Cet ouvrage collectif fait suite au colloque des 19 et 20 novembre 2021 co-organisé par la société des Cincinnati de France, la fondation The First Alliance et Sorbonne Université. Sous la direction d’Olivier Forcade, il recueille des analyses pluridisciplinaires.

Il peut, à première vue, revêtir l’inconvénient de rassembler des réflexions propres à un événement (le colloque) situé juste en amont de l’offensive russe en Ukraine. Toutefois, la qualité des intervenants (militaires, diplomates, juristes, historiens) et la réactualisation de certaines interventions avant la parution de l’ouvrage lui donnent une profondeur d’analyse historique mais aussi une densité d’expertise, toujours nécessaire à la compréhension des événements d’actualité, ou à tout exercice prospectif.
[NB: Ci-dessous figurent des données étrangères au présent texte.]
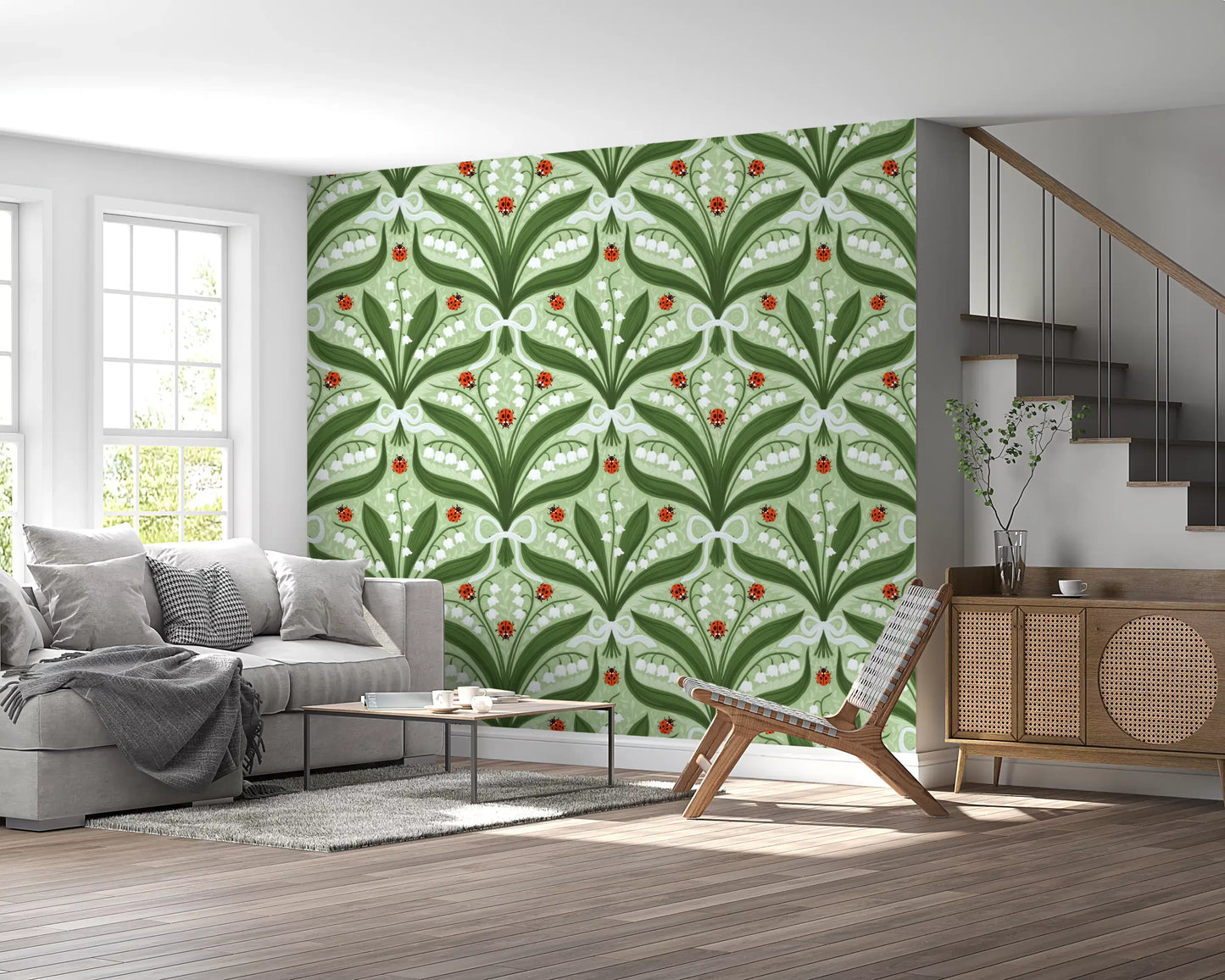 Lírio-do-vale e joaninhas simetria em verde, branco e vermelho 2 Papel de parede⁠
Parmi les données fondamentales de cette relation complexe France-OTAN, certains rappels sont bienvenus, alors que ce sujet fait régulièrement l’objet d’instrumentalisations politiques sur le plan intérieur. C’est bien la France et le Royaume-Uni qui, au sortir du second conflit mondial, firent appel aux États-Unis, alors très réticents, pour forger une alliance de défense collective. François David rappelle aussi, à juste titre, que le fameux article 5, pierre angulaire de l’Alliance atlantique, est en fait beaucoup plus souple qu’il n’y paraît, puisque rédigé de manière ouverte, sans préciser si l’aide apportée à un État membre agressé doit nécessairement être militaire… Il interroge opportunément la capacité réelle de l’appareil militaire français à être engagé dans un conflit de haute intensité.
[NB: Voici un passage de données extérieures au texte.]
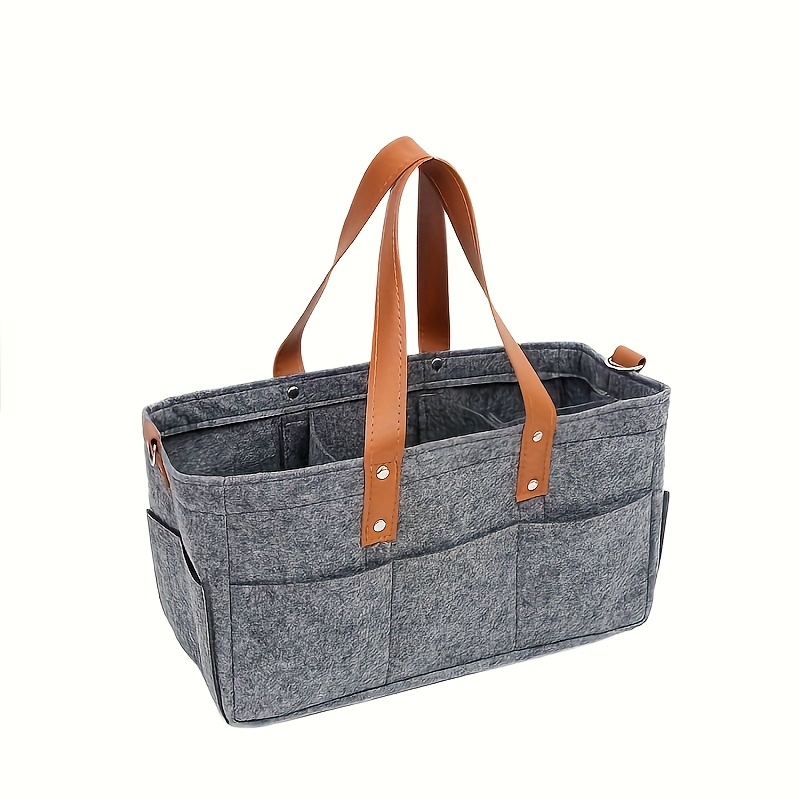 Image of A Multifunctional Mommy Bag Portable Felt Storage Tote Bag Women's Travel Diaper Wet Bag Diaper Bag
Hubert Védrine, comme nombre d’auteurs, revient sur l’idée fixe de la France de construire une « défense européenne ». Il précise que les autres États européens ne la suivent pas dans ce projet, préférant la garantie de sécurité américaine et considérant la vision française comme plus fragile. Hubert Védrine dresse d’ailleurs une perspective plutôt amère dans sa conclusion. Du coup, si Serge Sur parle de « soumission européenne » orchestrée par les États-Unis, celle-ci est non seulement consentie, mais expressément assumée par les amis de Paris qui préfèrent s’en remettre au primus inter pares. Yves Boyer analyse l’imprégnation culturelle américaine de l’Alliance, et exprime ses doutes sur la relation franco-allemande comme alternative structurante.

Sur le plan militaire, le général Thomann livre une intéressante réflexion sur l’articulation entre forces conventionnelles et dissuasion nucléaire, et revient sur les inconvénients militaires d’une position hors OTAN : défaut d’interopérabilité avec nos partenaires, absence de participation aux travaux de planification et donc influence amoindrie sur les choix politico-militaires – propos assez proches de ceux du général Houdet.

La quatrième et dernière partie, interrogeant les perspectives, est par construction la plus stimulante, avec en particulier les propos de Michel Duclos qui revient sur les questions entourant les agissements de la Turquie, la place de la Chine dans l’agenda otanien, ou bien sûr la relation OTAN-UE à laquelle il s’agit de donner un contenu concret sur le plan stratégique.

Cet ouvrage apparaît indispensable pour appréhender la complexité des questions otaniennes et la singularité du positionnement français – encore aujourd’hui – dans l’organisation.